This way, the data center will be operating and capable of supplying power before residents move into their housing units.
The new housing and the data centers should both be complete by 2027, Jacobson estimated. The time frame to complete the conversion to residences of the Bank of Italy tower wasn’t immediately clear.
“This will be closely coordinated with the city and PG&E,” Jacobson said. “We work with a lot of utility companies. PG&E is very forward-thinking and ambitious with how they deliver energy.”
Here are the downtown San Jose projects where data centers could sprout next to Westbank-built housing towers:
— Orchard Residential on a property known as the Valley Title site.
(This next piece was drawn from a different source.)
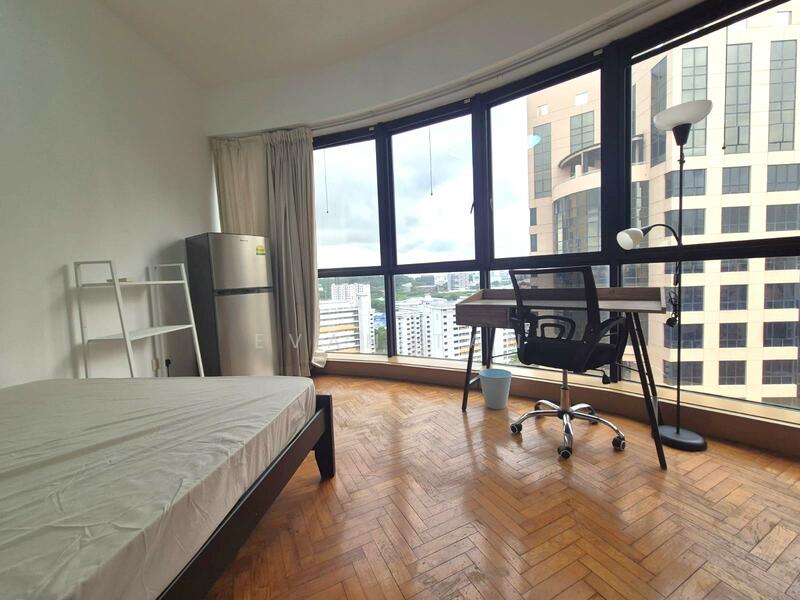 For Rent - Master Room at Heritage View!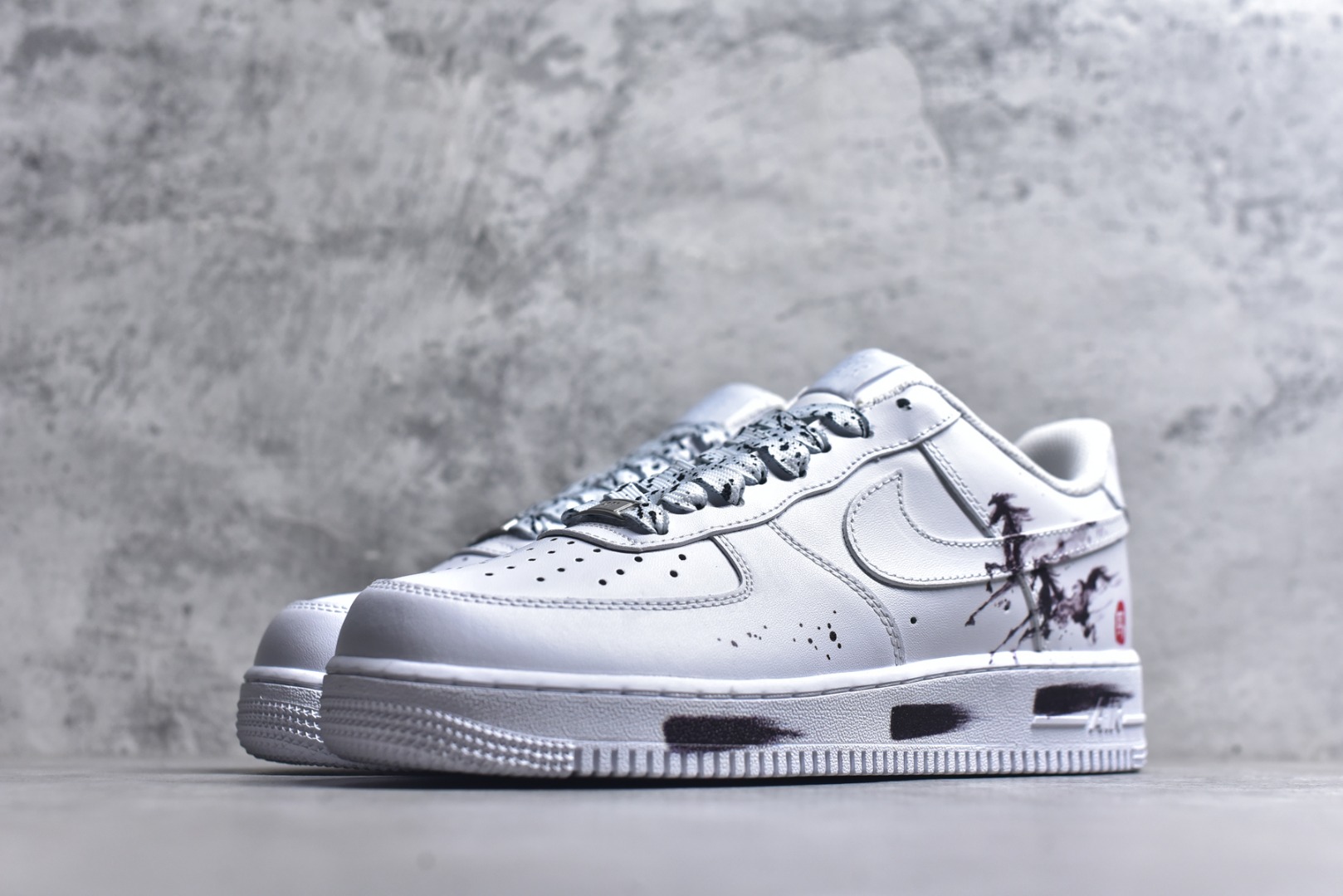 图片[2]-#Kaws x Nk Air Force 1\’07 Low 小熊联名配色 空军一号低帮休闲板鞋 CW2288-111 #定制皮料 原厂3D打印 定制鞋盒 原楦原纸板 纯正空军版型 内置全掌气垫 尺码：36 36.5 37.5 38 38.5 39 40 40.5 41 42 42.5 43 44 44.5 45 9.D4-选品中心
Westbank’s current proposal envisions three housing towers, each 30 stories high, that together would produce 1,147 residential units in downtown San Jose’s trendy SoFA district at the corner of South First Street and East San Carlos Street.
— Terraine, a 17-story highrise with 345 apartments at 323 Terraine Street.
“When all is said and done, our housing portfolio in downtown San Jose will include over 4,000 residential units,” Jacobson said in a November interview with this news organization.
The concept of housing near data centers has sprouted in some villages in Scandinavia, according to Jacobson.
The idea of a downtown-wide energy district with green housing powered by data centers is a rarity, however.
“San Jose will be three years ahead of other major cities in the United States that are now kind of waking up to this idea,” Jacobson said.